The featured speaker at the event will junta apologist Paraskevas Bolaris, from the so-called Pajamas Movement, with speeches from Aristides Dimopoulos, a close colleagues of the late dictator George Papadopoulos, and a greeting from Papadopoulos’s cousin Angelos Papathanou, who was director of the political office.
There will also be a presentation of the book Comparative History August 4 – April 21, where the author Manos Hatzidakis will talk about the regimes of Greece then.
As part of the political commemoration of junta an audiovisual material will be screened. The event will be held at 7 p.m. at the Hotel President. Papadopoulos’ widow, Despina, has also been invited.
The 1967 coup and the following seven years of military rule were the culmination of 30 years of national division between the forces of the Left and the Right that can be traced to the time of the resistance against Axis occupation of Greece during World War II. After the liberation in 1944, Greece descended into a civil war, fought between the communist forces and the now returned government-in-exile.
Papadopoulos is still revered by some Greeks, including the neo-Nazi Golden Dawn party which adores the dictatorship period.

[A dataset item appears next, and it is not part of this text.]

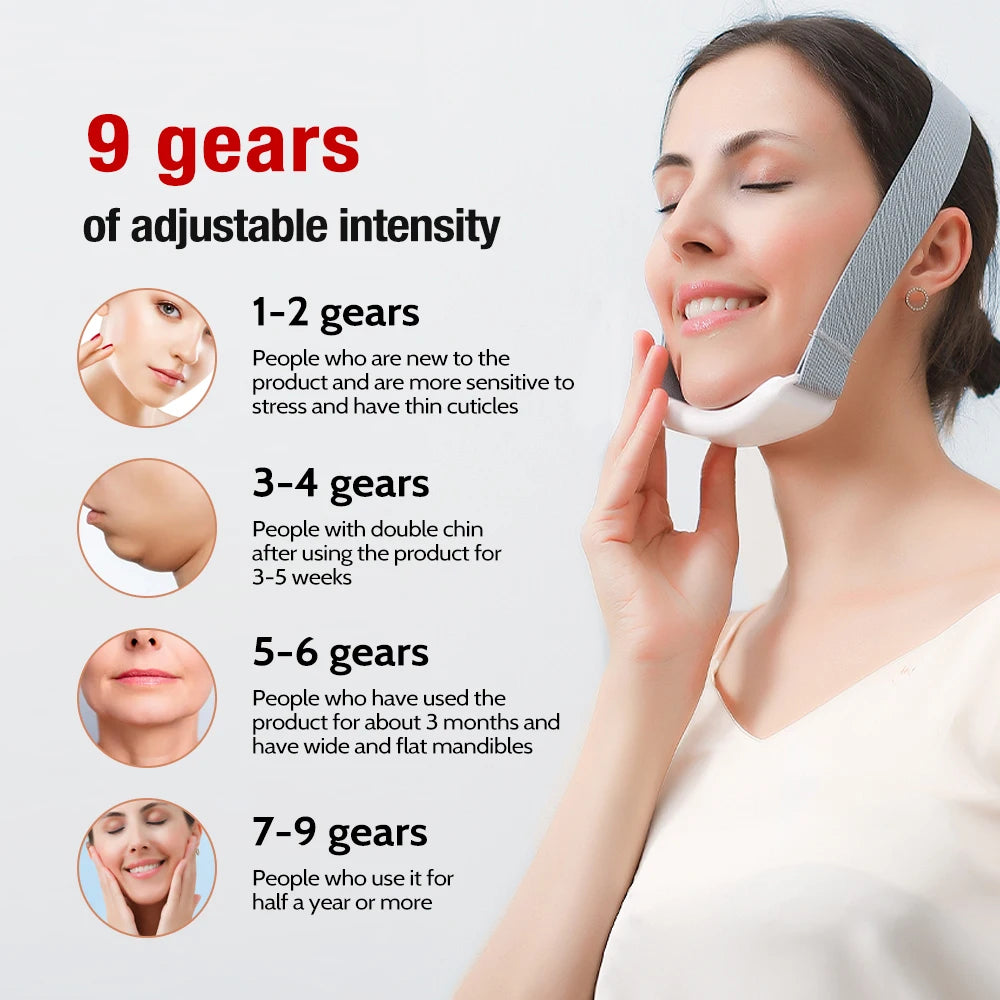 Micro Current Pulse V Face Instrument Slimming Vibrating Massage Hot Compress Firming and Lifting Improves Double Chin USB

He was a Nazi collaborator who worked for the CIA
The junta tortured and exiled many people and stifled free speech and was backed by the United States which wanted to keep down Communism, for which many Greeks have never forgiven American leaders.
After a student-led rebellion in 1973 brought down the dictatorship the next year, he was later sentenced to death, which was commuted to life imprisonment. He died in 1999 at 80, unapologetic for his actions.